··· GIVEN INFORMATION ···

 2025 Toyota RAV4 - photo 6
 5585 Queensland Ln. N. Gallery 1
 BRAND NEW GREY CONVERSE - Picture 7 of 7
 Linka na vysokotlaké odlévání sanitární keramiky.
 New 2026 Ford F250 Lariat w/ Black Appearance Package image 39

···
··· GIVEN INFORMATION ···

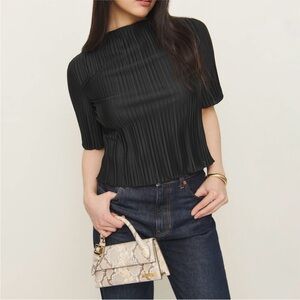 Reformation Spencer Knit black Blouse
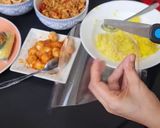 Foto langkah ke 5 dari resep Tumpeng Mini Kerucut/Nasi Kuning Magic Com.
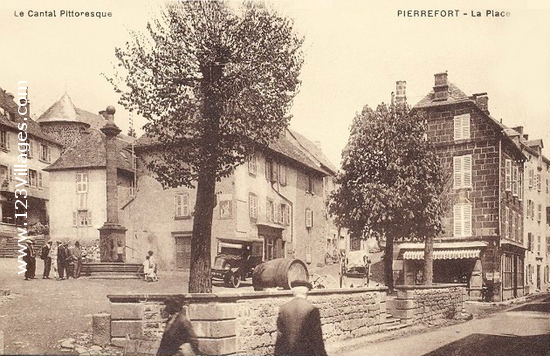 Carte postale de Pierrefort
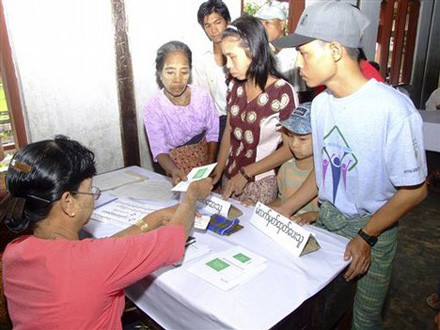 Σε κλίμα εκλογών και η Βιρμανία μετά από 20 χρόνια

···

With the first line being the one containing "Linka na vysokotlaké" and the last line the one containing "New 2026 Ford", transcribe exactly the lines above that fall in that range.

**RESPONSE BELOW:**
 Linka na vysokotlaké odlévání sanitární keramiky.
 New 2026 Ford F250 Lariat w/ Black Appearance Package image 39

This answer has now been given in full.